Insatiable Chinese demand creates turning point for beef

THE red hot demand for Australian beef that has helped hold cattle prices up against a backdrop of drought-induced offloading has led to a turning point, the release of new Federal Government export data shows.

For the first time ever, China has taken the crown as Australia’s largest beef market, volume-wise, over a calendar year, on the back of an incredible 84 per cent year-on-year lift.

China accounted for 300,132 tonnes of Australian beef shipped weight in 2019, the Department of Agriculture reported.

Japan and the United States, traditionally Australia’s largest markets, took 287,495t and 250,979t respectively.

Shipments to South Korea added up to 162,344t and Indonesia was also in the mix as a big player at 57,637t.
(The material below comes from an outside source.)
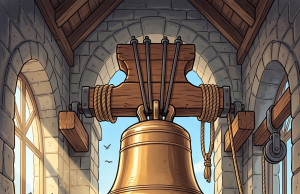 The Church Needed a New Bell Ringer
Interestingly, Saudi Arabia took over 12000t, a 35pc lift.

Overall, beef exports for 2019 came in at over 1.2m tonnes, which puts the result in the top three figures of all time, according to Meat & Livestock Australia data.

The rise of China was always going to happen but was propelled by the spread of African Swine Fever which has decimated 40 per cent of China’s pig population and forced the country to look for animal protein alternatives around the world, market analysts said.

Associate director at NAB Group Economics Phin Ziebell said and there had been an upward trend in Australian beef and sheep meat prices in Chinese domestic markets for some time.

“China is a massive country in terms of population and while pork and chicken dominate meat consumption, keep in mind China’s beef market has only been open for less than a decade,” he said.

“But there is no question swine fever has had a massive impact on Chinese meat prices.

“The question will be in five years time once China is back on track with domestic supply, how does Australia keep prices high in that market because ultimately we are not a low-cost producer so we’ll need to retain margins.”

Rabobank senior animal proteins analyst Angus Gildey-Baird said the speed and extent to which volumes to China grew late last year did come as some surprise.

“China’s willingness to pay more for the product attracted volumes away from our traditional markets,” he said.

Late last year, Rabobank data shows China was paying 9.22 per kilogram for Australian beef on average, compared to the US at 9.17, Korea at 8.55 and Japan at 7.98.

That average is obviously affected by cuts – for example Australia sends a lot of brisket to Japan, a lower-value cut.

However, in 2018 Australia’s average price to China was 7.63/kg while the other markets stayed relatively similar, Mr Gidley-Baird said.

The 9pc lift in beef export volumes to the US could be somewhat of a recovery after a decline the previous year, the analysts said.

“In addition, a lot of New Zealand product went to China so Australia possibly made up that difference in the US,” Mr Gidley-Baird said.